Cranbrook Art Museum served as the producer for the entire Nick Cave project, and was home to the exhibition Nick Cave: Here Hear, that included a 7,000-square-foot exhibition of Soundsuits, recent sculptures, and newly commissioned artworks. The exhibition was on view from June 20 through October 11, 2015. A full weekend of celebrations occurred for the exhibition opening, including a film screening and block party performances in Detroit’s Brightmoor community on June 21. Nick Cave: Here Hear is curated by Laura Mott, Curator of Contemporary Art and Design at Cranbrook Art Museum.
Various Locations
April and May 2015
Soundsuit Invasion Photo Shoots featured the artist Nick Cave being photographed in Soundsuits at iconic Detroit locations. The photographs were published as a book titled Nick Cave: Greetings From Detroit—inspired by vintage postcards—depicting the city of Detroit from the perspective of creative positivity. The book was designed by Bob Faust, photographed by Corine Vermeulen with an essay by Laura Mott.
Locations: Dequindre Cut, Brightmoor, the Parade Company, Mexicantown, the African Bead Museum, Eastern Market, The Fisher Building, One Woodward, Mike Kelly Homestead at MOCAD, Cranbrook, Masonic Temple, and the Michigan Automotive Plant.
The Redford Theatre and The Artist Village
Detroit, MI
June 21, 2015
The day after Nick Cave: Here Hear opened to the public at Cranbrook Art Museum, a celebration was held in Detroit to kick-off this ambitious project.

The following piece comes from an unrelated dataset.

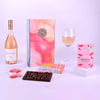 Wine bottle, chocolate bar, wine glass, and other items on a white surface with a pink and white background.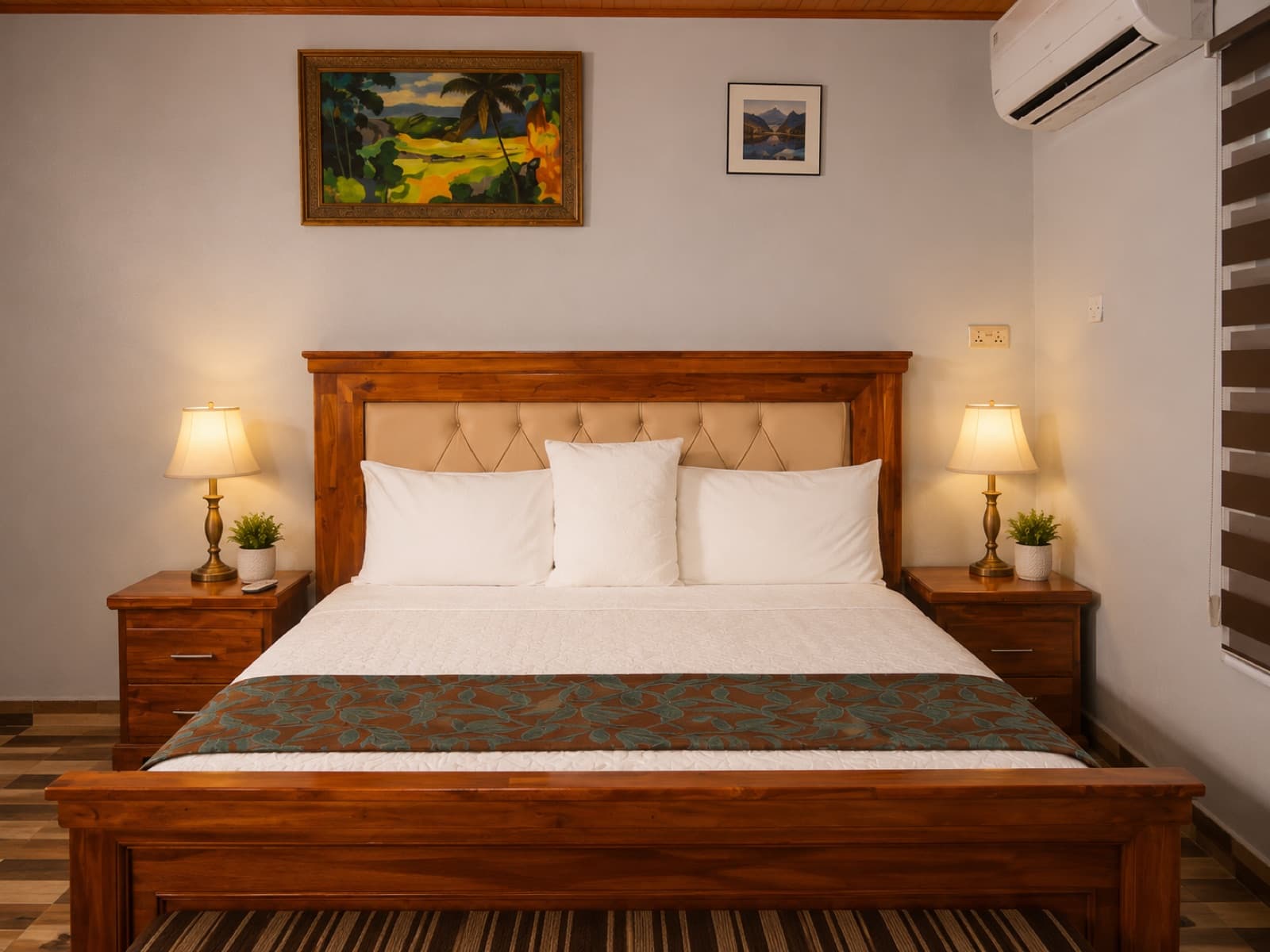 A spacious double room with a king bed and bedside lamps at JC Guest House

There was a screening of Nick Cave’s video work at the historic Redford Theatre. The screening was followed by a celebration at The Artist Village Detroit – filled with food, music, and dancers in Soundsuits, who joined the party in an impromptu flash-mob. The event is a collaborative effort with the Sidewalk Festival of Performing Arts and engaged the Brightmoor, Old Redford and Northwest Detroit communities.
Schedule
2-3pm: Screening of Nick Cave video work at the Redford Theatre.
3pm: Gabriel Brass Band and dancers will lead a procession of the audience from the theatre into Artist Village.
3-4pm: Gabriel Brass Band performs in the large courtyard of the Artist Village.
4-4:45pm: Passalacqua performs
5-5:45pm: Tunde Olaniran performs
Performances by dancers in soundsuits occured throughout the afternoon. Free and open to the public.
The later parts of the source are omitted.